The analogy of plants that bear fruit that teach us about the spiritual life is a common theme in the Bible.  In today’s Gospel, Jesus uses His famous vine and branches teaching. At the Last Supper, Jesus tells the disciples that He is the vine and all who follow Him are the branches, and the Father is the vine grower. All branches that fail to bear fruit will be cut off from the vine and thrown into the fire. All branches that do bear fruit are pruned by the Father so that more fruit can be borne. Jesus tells us that in order to bear fruit for the Father, we must remain in Him as branches stay attached to a vine. And if we do so, His words will continue to prune us so that we can bear fruit. 

This image is very famous and is simple enough to understand. Many of us understand that it is in Jesus that we can know, love, and serve God. However, there is a crisis of fruit being borne in the American church today. This is evident by the multitude of statistics surrounding the Catholic faithful participating in the Body of Christ (both the community and the Eucharist). Where is the disconnect?

It comes in our watered down version of what it means to remain in Jesus and to hear his Word. At some point in recent history, many Catholics have accepted the notion that a relationship with Jesus as simply: Jesus died and rose again for me, thus as long as I go to mass and refrain from sin as best I can (going to confession when appropriate), I have the license to live my life however I would like. While it is true that a life in Jesus gives us a life in freedom, it is not a free pass to do whatever we would like without sin. Rather, it is a freedom from sin so that we can do the will of the Father which encompasses so much more than not sinning. Yet many church communities are marked by many families who make the effort to go to mass each week, but aside from that, are reassured that this box has been checked and go about their lives without any understanding there is a deeper spiritual life waiting for them. 

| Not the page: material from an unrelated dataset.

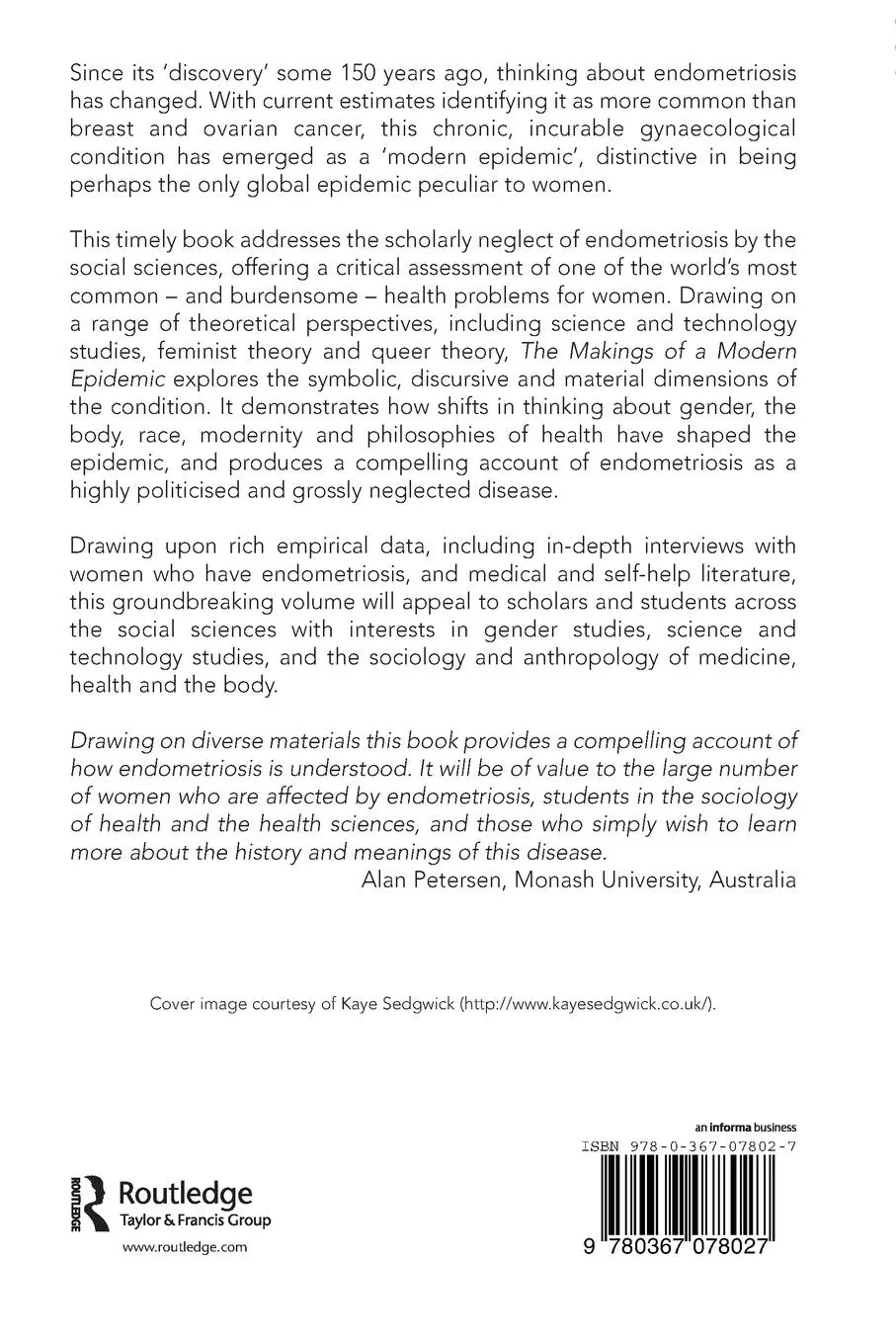 Rückseite: 9780367078027 | The Makings of a Modern Epidemic | Endometriosis, Gender and Politics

How do we know that there is more? We have only to look at the words of this Sunday’s gospel. The vine grower (the Father) takes away the branches that do not bear fruit and prunes the branches that do. The branches that are taken away and burned are those that have no intention of remaining in Jesus. The branches that do bear fruit are faithful Christians who God desires to prune. Pruning occurs when branches (both good and bad) are cleared away to make room for more fruitful branches to grow. That means God intentionally invites good, faithful Christians to eliminate things from their life (EVEN GOOD THINGS), to make way for other, more fruitful branches to grow. This is the challenge of the rich young man. He follows all the commandments, but knows there is more. Jesus tries to bring him deeper into the spiritual life by pruning away the material goods in his life in exchange for greater spiritual goods to grow. Yet, he goes away sad. 

This is the state of our Church today. We are satisfied with a moralism of following the commandments (which is essential to the life of a Christian and bears fruit). However, we are too scared or ignorant of how to take the next step in our relationship with God. For more fruit to grow, we have to allow God to prune away even good things. This is what it means to imitate Jesus. This is what it means to bear good fruit. This is what it means to follow God’s will. God is waiting to replace the good temporal things in our life with great eternal things. It is up to us to listen to the will of God, and allow the pruning of the Father to take us deeper.